In this work, a first approximation of the speciation of the main metals occurring in the soluble fraction of Arctic PM10 has been proposed. The concentration of the investigated metals reflects their origin and, understandably given the sampling location, metals associated with the marine source (Na, K, Mg, and Ca) reached higher concentrations. The other components, associated with crustal and anthropogenic sources, often had lower concentrations but showed seasonal variability. All these aspects impact the speciation of dissolved metals. The speciation models suggest an important role of oxalate as ligand for stabilizing Al3+, Fe3+, and Cu2+ in solution. The higher metals’ concentration in the spring samples promotes the formation of species with sulfate and oxalate and the precipitation of hydrolytic species, while soluble hydrolytic species are enhanced in summer. Because of the low humidity in the cold air masses of the Arctic, the amount of water available for the solubilization of PM10 ions is quite lower than that used for the extraction procedure. As a consequence, when PM acts as CCN, it would be covered by a very concentrated water layer. By increasing the components’ concentration by a factor of 10,000, the role of oxalate as main ligand agent was further highlighted. Preliminary experimental studies conducted on concentrated solutions of a simplified Fe3+-Ox system have confirmed the predictions of the speciation models.

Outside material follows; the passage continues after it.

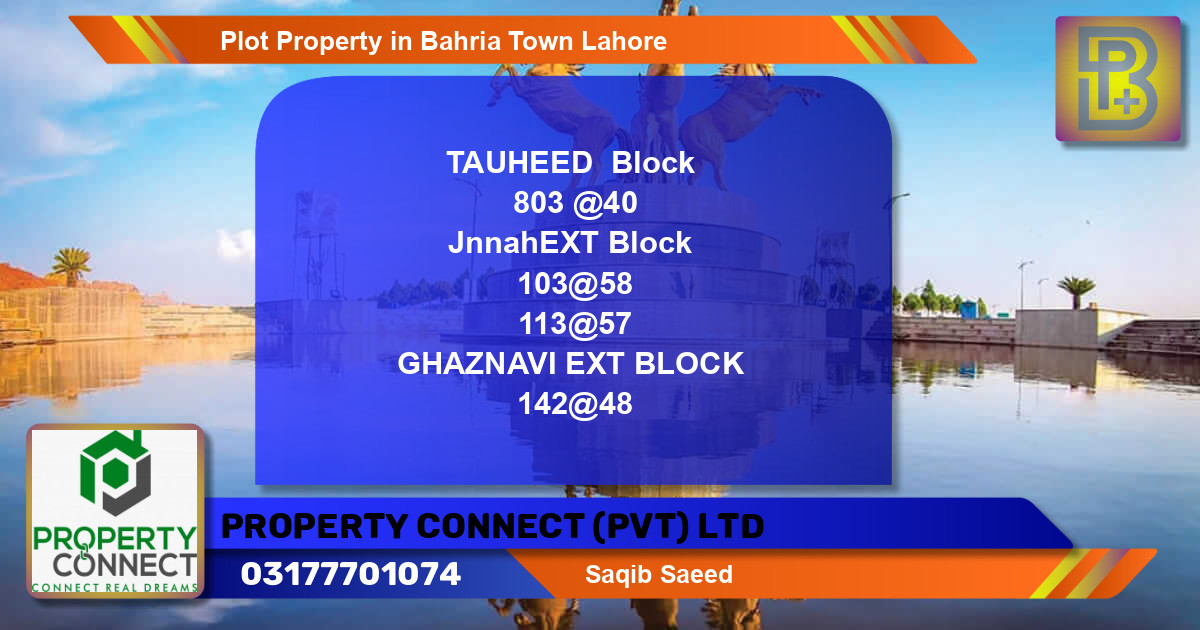 Residential Plot for Sale in Bahria Town, Lahore - (BP-51076)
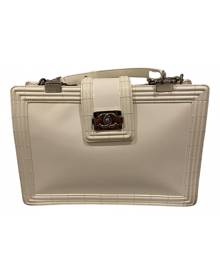 Chanel Boy Tote  White Leather handbag for Women \N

As reported previously, these must be considered as preliminary results that are useful to define the main species that could be formed in solution. In fact, the thermodynamic constants used here for the speciation models are referred to 298.15 K, a temperature that is far away from those found at the Svalbard. To improve the modeling capacity, future studies will thus be necessary to estimate the formation constants of these species, together with the related protonation constants of the ligands, at lower temperatures and different ionic strengths.